* DATA SHOWN *
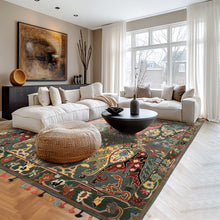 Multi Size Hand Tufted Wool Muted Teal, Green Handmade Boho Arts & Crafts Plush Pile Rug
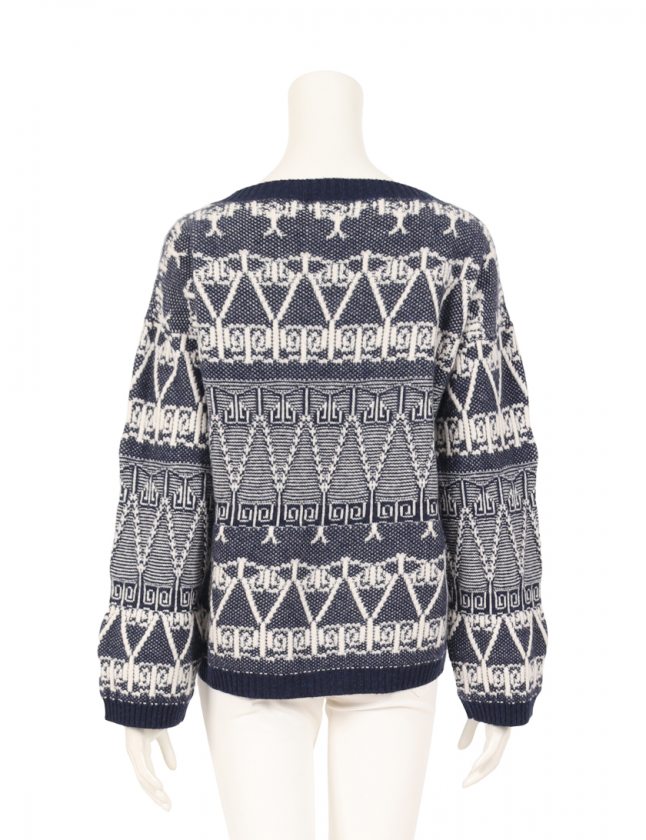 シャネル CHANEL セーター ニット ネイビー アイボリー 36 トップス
--
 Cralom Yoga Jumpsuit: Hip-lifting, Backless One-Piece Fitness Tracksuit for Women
--
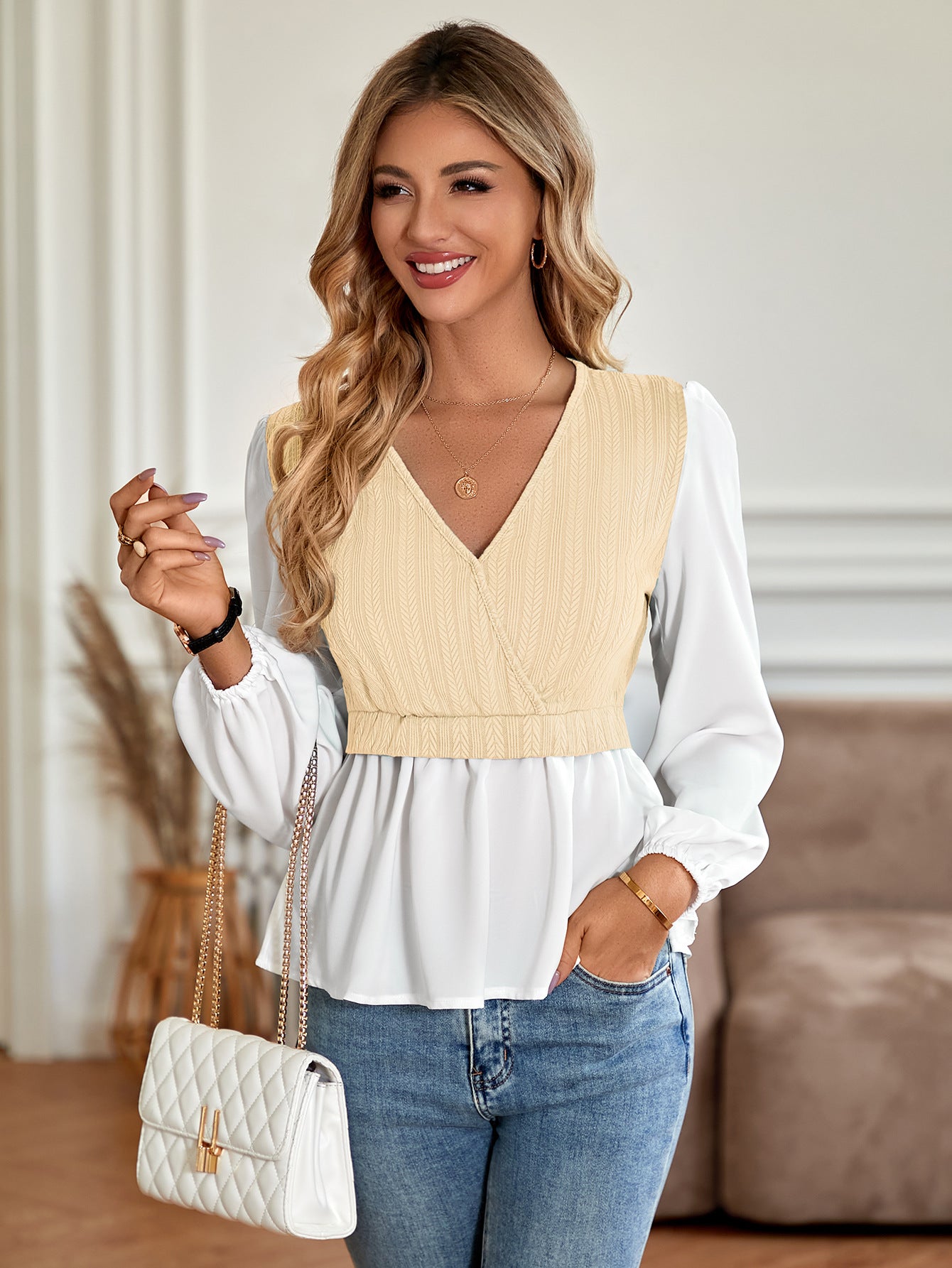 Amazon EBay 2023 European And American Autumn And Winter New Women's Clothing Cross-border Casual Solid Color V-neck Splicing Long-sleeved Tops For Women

* WHAT TO DO *
Could the stretch from the line with "Multi Size Hand" through the line with "シャネル CHANEL セーター ニット ネイビー アイボリー 36 トップス" in the listing above be restated word for word, minus the pictures?

* ANSWER AREA *
 Multi Size Hand Tufted Wool Muted Teal, Green Handmade Boho Arts & Crafts Plush Pile Rug
 シャネル CHANEL セーター ニット ネイビー アイボリー 36 トップス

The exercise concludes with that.